CAPECRYSTAL Cluster

From CAC Documentation wiki
Jump to navigation Jump to search

General Information

  • capecrystal is a private cluster with restricted access to the following groups: jd732_0001
  • Head node: capecrystal.cac.cornell.edu (access via ssh)
    • OpenHPC deployment running Centos 7.6
    • Cluster scheduler: slurm 18.08.8
  • 5 GPU compute nodes c000[1-5]
  • Current Cluster Status: Ganglia.
  • data on the capecrystal cluster is NOT backed up
  • Please send any questions and report problems to: cac-help@cornell.edu

Hardware

  • There is a 893GB local /scratch disk on the head node only.
  • capecrystal.cac.cornell.edu: PowerEdge R440; memory: 92GB, swap: 15GB
  • capecrystal compute nodes c000[1-5]:
    • PowerEdge C4140; memory: 187GB, swap: 5GB
    • Each node contains Qty 4 GPUS: 3D controller: NVIDIA Corporation GV100GL [Tesla V100 SXM2 32GB] (rev a1)

Networking

  • All nodes have a 10GB ethernet connection for eth0 on a private net served out from the capecrystal head node.
  • All nodes include: Infiniband controller: Mellanox Technologies MT27800 Family [ConnectX-5] (ibstat will show you the status on the compute)

How To Login

  • To get started, login to the head node capecrystal.cac.cornell.edu via ssh.
  • You will be prompted for your CAC account password
  • If you are unfamiliar with Linux and ssh, we suggest reading the Linux Tutorial and looking into how to Connect to Linux before proceeding.

Running Jobs / Slurm Scheduler

Queues/Partitions

("Partition" is the term used by slurm for "Queues")

  • hyperthreading is turned on for ALL nodes -
  • slurm considers each node to have the following:
    • CPUs=56 Boards=1 SocketsPerBoard=2 CoresPerSocket=14 ThreadsPerCore=2 RealMemory=191840
    • all partitions have a default time of 1 hour

Partitions on the capecrystal cluster:'

Queue/Partition Number of nodes Node Names Limits Group Access
normal (default) 5 c000[1-5] walltime limit: 168 hours (i.e. 7 days) jd732_0001
cpu 5 c000[1-5] walltime limit: 168 hours (i.e. 7 days); oversubscribe jd732_0001
gpu 5 c000[1-5] walltime limit: 168 hours (i.e. 7 days); oversubscribe jd732_0001

ALL partitions have a QOS (Quality of Service) setup to allow one to submit a lower or higher priority on the Capecrystal cluster.

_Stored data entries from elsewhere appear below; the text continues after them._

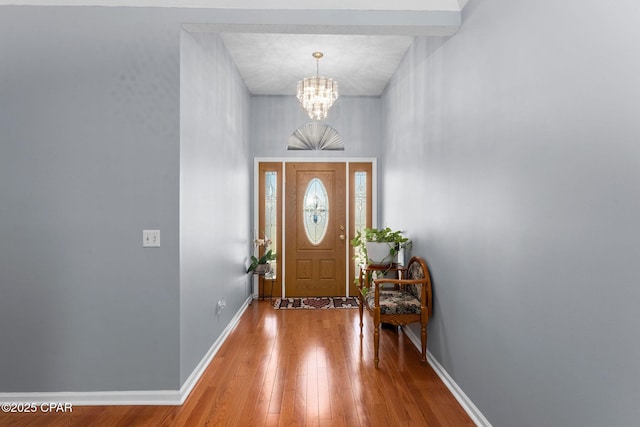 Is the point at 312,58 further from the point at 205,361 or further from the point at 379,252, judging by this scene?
the point at 205,361

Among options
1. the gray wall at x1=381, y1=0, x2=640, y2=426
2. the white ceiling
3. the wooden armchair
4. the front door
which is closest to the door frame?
the front door

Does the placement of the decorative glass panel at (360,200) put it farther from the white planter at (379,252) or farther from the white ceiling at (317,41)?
the white planter at (379,252)

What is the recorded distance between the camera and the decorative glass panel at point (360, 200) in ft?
18.2

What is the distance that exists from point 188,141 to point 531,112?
2.16m

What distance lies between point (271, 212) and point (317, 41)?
8.50 feet

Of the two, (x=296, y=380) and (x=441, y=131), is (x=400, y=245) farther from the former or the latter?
(x=296, y=380)

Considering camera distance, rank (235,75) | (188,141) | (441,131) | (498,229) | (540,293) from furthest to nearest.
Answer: (235,75)
(441,131)
(188,141)
(498,229)
(540,293)

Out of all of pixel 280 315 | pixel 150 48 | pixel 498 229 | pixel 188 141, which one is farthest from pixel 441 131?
pixel 280 315

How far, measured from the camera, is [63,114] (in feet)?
8.16

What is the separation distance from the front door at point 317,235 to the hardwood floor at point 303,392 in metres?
1.74

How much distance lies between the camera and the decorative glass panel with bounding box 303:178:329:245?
5535mm

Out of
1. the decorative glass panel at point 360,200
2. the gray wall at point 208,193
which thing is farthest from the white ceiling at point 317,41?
A: the decorative glass panel at point 360,200

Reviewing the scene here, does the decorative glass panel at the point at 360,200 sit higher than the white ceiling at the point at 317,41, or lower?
lower

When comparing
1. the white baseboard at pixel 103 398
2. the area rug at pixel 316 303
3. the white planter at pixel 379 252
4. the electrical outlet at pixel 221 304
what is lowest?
the area rug at pixel 316 303
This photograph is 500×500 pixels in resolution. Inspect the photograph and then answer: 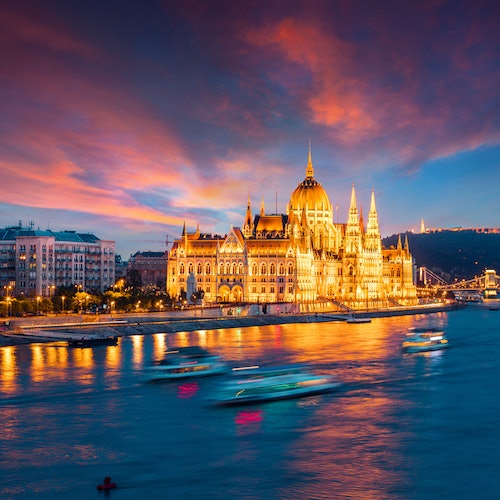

The QOS setups are for: low, normal, high and urgent. (default: normal) Therefore if you urgently need your job to bump up higher in the wait queue, submit with:

 sbatch --qos=urgent job_name

Slurm Scheduler HELP

CAC's Slurm page is the first place to go to learn about how to use Slurm on CAC clusters. Please take the time to read this page, giving special attention to the parts that pertain to the types of jobs you want to run.

Examples & Tips

  • A shared directory has been setup for users to copy singularity containers into in effort to alleviate all users from downloading the same container. You will still need to copy from the shared folder into your $HOME for singularity to run successfully. You can put any container into:
 /opt/ohpc/pub/containers
  • All lines begining with "#SBATCH" are a directive for the scheduler to read. If you want the line ignored, you must place 2 "##" at the beginning of your line.
Example Singularity HOOMD-blue GPU batch job

Below, replace 'username' with your CAC user name and fetch or create the needed files on the cluster head node in your home directory.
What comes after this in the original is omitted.